In Italia, come conseguenza del ritiro delle attività agricole, la superficie forestale si è estesa passando dal 21% del 1947 all’attuale 31% della superficie nazionale. Si tratta di un ampio rimboschimento naturale che è stato pagato con una riduzione della produzione agricola interna e con il parziale abbandono del presidio umano sul territorio; con tutte le implicazioni, anche strategiche, che ne derivano. Questi elementi di costo, tuttavia, sono compensati dalla speranza in un’intensificazione dei benefici pubblici del bosco.
Tra le esternalità forestali, fa ancora molta presa sul pubblico la protezione contro le frane e, soprattutto, contro le alluvioni. Tuttavia, al quasi raddoppio della superficie forestale in Italia non sembra corrispondere un’attenuazione significativa di tali eventi catastrofici e luttuosi.

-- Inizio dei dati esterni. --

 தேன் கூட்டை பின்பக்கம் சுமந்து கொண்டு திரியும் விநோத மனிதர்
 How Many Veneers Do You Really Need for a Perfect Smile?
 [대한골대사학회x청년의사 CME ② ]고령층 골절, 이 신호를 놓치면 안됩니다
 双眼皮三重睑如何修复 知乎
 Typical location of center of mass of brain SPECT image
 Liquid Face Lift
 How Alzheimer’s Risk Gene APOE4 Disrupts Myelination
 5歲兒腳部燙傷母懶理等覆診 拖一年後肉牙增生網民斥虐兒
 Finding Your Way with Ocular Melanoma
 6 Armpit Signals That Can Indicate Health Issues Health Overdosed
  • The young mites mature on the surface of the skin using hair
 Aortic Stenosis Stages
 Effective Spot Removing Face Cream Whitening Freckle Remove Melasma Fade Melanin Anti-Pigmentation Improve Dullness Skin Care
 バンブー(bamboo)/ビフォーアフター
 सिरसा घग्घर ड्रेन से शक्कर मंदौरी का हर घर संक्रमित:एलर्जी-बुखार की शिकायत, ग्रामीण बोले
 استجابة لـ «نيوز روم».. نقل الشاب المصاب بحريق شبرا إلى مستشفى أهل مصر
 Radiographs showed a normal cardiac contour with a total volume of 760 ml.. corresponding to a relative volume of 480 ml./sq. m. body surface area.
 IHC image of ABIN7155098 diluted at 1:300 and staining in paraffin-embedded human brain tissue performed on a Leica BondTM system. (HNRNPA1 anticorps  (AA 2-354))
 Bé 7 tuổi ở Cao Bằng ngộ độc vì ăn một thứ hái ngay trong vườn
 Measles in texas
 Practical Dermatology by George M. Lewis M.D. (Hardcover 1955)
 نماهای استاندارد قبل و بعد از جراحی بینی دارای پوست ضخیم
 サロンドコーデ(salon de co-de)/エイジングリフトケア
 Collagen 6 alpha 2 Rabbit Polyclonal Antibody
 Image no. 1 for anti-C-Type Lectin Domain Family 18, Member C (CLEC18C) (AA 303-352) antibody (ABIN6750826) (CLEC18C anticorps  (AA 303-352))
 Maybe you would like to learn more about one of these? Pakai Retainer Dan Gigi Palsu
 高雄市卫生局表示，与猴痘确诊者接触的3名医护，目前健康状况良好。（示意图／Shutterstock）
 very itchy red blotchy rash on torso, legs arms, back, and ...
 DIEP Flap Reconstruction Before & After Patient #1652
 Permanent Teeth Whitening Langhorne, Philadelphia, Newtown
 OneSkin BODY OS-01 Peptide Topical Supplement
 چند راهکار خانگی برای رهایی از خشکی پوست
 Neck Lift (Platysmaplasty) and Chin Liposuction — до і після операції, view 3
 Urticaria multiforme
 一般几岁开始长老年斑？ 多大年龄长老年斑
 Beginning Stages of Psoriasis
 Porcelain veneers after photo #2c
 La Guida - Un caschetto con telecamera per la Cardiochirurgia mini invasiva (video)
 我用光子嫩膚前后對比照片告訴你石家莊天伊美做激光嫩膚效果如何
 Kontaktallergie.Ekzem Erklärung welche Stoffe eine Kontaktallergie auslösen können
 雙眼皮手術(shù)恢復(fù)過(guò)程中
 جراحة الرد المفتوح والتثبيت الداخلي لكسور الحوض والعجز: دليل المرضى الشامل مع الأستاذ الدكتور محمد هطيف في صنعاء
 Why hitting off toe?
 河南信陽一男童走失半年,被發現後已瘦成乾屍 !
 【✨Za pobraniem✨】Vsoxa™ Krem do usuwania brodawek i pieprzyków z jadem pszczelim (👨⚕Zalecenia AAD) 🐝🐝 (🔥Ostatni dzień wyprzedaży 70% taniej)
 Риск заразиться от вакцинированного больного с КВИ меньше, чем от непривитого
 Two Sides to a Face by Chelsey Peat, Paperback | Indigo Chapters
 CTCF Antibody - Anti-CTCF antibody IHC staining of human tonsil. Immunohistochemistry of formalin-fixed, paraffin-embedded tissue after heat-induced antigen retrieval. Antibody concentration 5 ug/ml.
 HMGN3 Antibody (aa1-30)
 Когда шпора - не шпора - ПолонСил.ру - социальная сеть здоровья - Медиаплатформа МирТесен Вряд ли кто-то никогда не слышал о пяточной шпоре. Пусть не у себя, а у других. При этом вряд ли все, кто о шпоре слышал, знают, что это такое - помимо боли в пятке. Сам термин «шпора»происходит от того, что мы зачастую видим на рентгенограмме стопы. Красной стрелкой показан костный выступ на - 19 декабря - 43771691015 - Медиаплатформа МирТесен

L’efficacia del bosco contro le alluvioni non sempre è stata accettata senza critiche. Una prima disputa ebbe luogo in Toscana nel 1773 e ne furono protagonisti i georgofili Giovanni Fabbroni e Marco Lastri. Due accertamenti scientifici sono stati tentati tra il 1930 e il 1940, in Svizzera e negli Stati Uniti. Il risultato fu che le sperimentazioni, entrambe basate sul confronto fra due piccoli bacini idrografici uno boscato e l’altro appositamente disboscato, non condussero a risultati convincenti. Il tema fu ripreso in Italia, dopo le alluvioni del 1966, nel convegno tenuto all’Accademia dei Lincei l’8-10 ottobre del 1967. Ai forestali interessava il potere regimante del bosco valutato su un intero bacino idrografico; ma era ovviamente difficile produrre dati sperimentali sull’effetto di eventi meteorici che si ripetono a distanza di molti decenni. Gli ingegneri, invece, andavano direttamente sulle cause scatenanti delle esondazioni imputate quasi sempre a circostanze di natura urbanistica: ponti costruiti in corrispondenza di un restringimento dell’alveo; case e strade troppo a ridosso del fiume; quartieri residenziali insediati in aree di naturale espansione delle acque di piena ed altro ancora. Sono argomenti su cui si ritorna anche oggi.
Dispute analoghe si sono svolte in relazione alle frane. Il bosco, addirittura, è stato accusato di facilitare il movimento del terreno con il peso degli alberi e con la trattenuta di acqua fino a trasformare la terra in fango. Comunque, le frane cascano ancora, magari portandosi dietro gli alberi; il discorso urbanistico ritorna perché molte frane si verificano lungo le strade oppure negli abitati di mezza costa.
Dall’aumento dei boschi, la qualità del paesaggio, non ha avuto che da avvantaggiarsi se si eccettua la perdita di certi aspetti suggestivi dell’attività umana come, per esempio, le malghe di alta montagna.
Sulla biodiversità non c’è assolutamente nulla da dire. Molti dei boschi di nuova formazione sui campi abbandonati sono misti mentre specie una volta considerate rare o sporadiche, oggi dominano su superfici tanto significative da essere evidenziate nelle statistiche.
La cattura del carbonio è l’indice della produzione di ossigeno quale deriva dalla fotosintesi. L’Inventario Forestale del 2005 riporta un accumulo di poco meno di un miliardo di tonnellate di biomassa legnosa cui corrisponderebbero circa 500 mila tonnellate di carbonio. In teoria, tramite i
crediti di carbonio istituiti dal Protocollo di Kyoto, la cattura del carbonio sarebbe il primo caso di effetto ambientale del bosco che possa venire monetizzato a favore del proprietario. Ma a fronte di quanto previsto dal citato protocollo, in Italia non si è provveduto a riconoscere agli imprenditori agricoli e forestali un corretto ritorno della aliquota di loro competenza e tutto il carbonio assorbito dal settore è considerato proprietà esclusiva dello Stato.
L’ultimo cenno spetta alla produzione legnosa e alla selvicoltura. In cifra molto arrotondata, la massa globale di legno di fusto e rami grossi è di 1,5 miliardi di metri cubi: circa 150 metri cubi per ettaro. L’eventuale prelievo sostenibile sarebbe dell’ordine dei 15 milioni all’anno (1%). Però l’Inventario forestale ci informa che per l’80% della superficie dei nostri boschi il livello della selvicoltura applicato è valutato assente o minimale. Se l’economia del legno sia da considerare o meno un contributo alla pubblica prosperità per il momento è questione accademica. Ora come ora il bosco, in gran parte, è superficie nazionale ritirata dall’uso.